The issue threatens to split the 77 million member global Anglican communion, a prospect which prompted the Archbishop of Canterbury Rowan Williams to say yesterday: ''God forbid.'' The 2.4 million member Episcopal church is the US branch of the worldwide Anglican church and the US bishops are in the second of six days of meetings with the thorny question of gay issues high on their agenda.

Top global Anglican bishops meeting in Dar es Salaam, Tanzania, earlier this year issued what many interpreted as an ultimatum to the US church to renounce by September 30 the blessing of same-sex marriages and make clear it will not allow more non-celibate gays to become bishops.

''We have already begun to make responses to the requests at Dar es Salaam ... the hope is that we have a full response by the time we close our meeting,'' Rev. Katharine Jefferts Schori, the presiding Bishop of the Episcopal church, told reporters.

Two other bishops at the same briefing, both self-described moderates who voted against consecrating a gay bishop but support keeping the communion together, said the visiting Archbishop of Canterbury has made clear the Dar es Salaam communique was not a demand but a question.

''This is not a line in the sand,'' Bishop Duncan Gray of Mississippi said. ''I think that was very helpful.'' Bishop Charles Jenkins of Louisiana agreed. ''I think the level of anxiety is reduced,'' he said.

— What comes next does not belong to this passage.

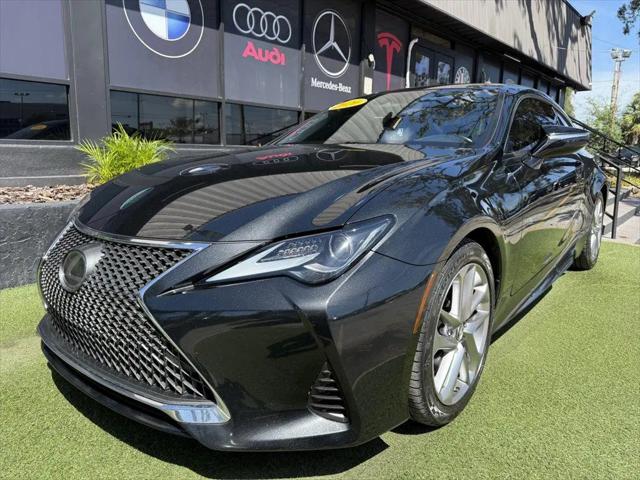 2020 Lexus RC 300 Base for sale in Tampa, FL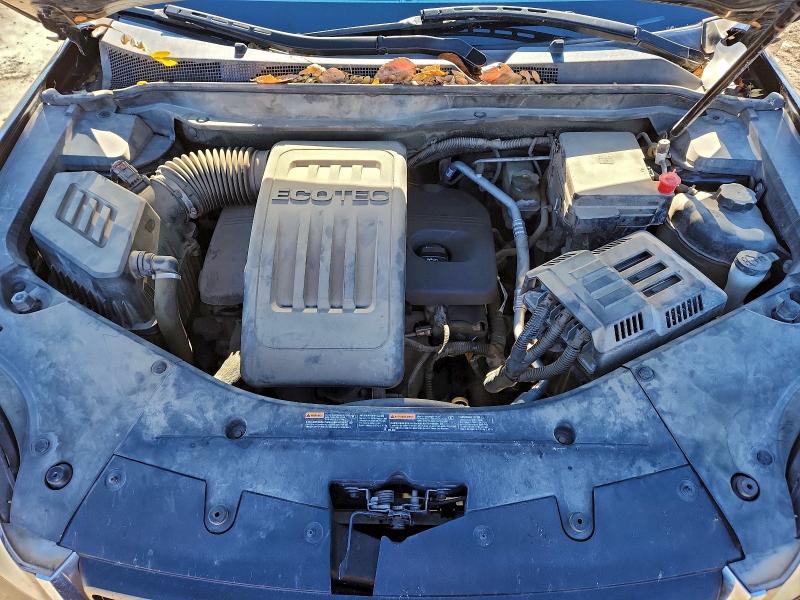 Photo 12 from auction – 2014 GMC TERRAIN with VIN 2GKALREK3E6290666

The gay issues conflict was prompted by the US church in 2003 when it consecrated Gene Robinson of New Hampshire as the first bishop in an openly gay relationship in more than four centuries of church history.

That caused dissension within the U.S. church and angered Anglicans in Africa, Asia, and Latin America, which combined now account for half of the world's Anglican followers.

''I think it would rather be an admission of defeat if we said we were incapable of working together on issues that divide us,'' Williams told the briefing.

''Whether we've got to that point (a split) I don't know. I have to say God Forbid and mean it ... The need that we have for each other is very deep,'' he said.

The bishops planned to spend the weekend in mission work and worship and will return to their deliberations on Monday before finishing on Tuesday. The ''full response'' that the Episcopal presiding bishop promised could be anything from a clear-cut promise to comply to an outright rejection of the request from the other presiding bishops.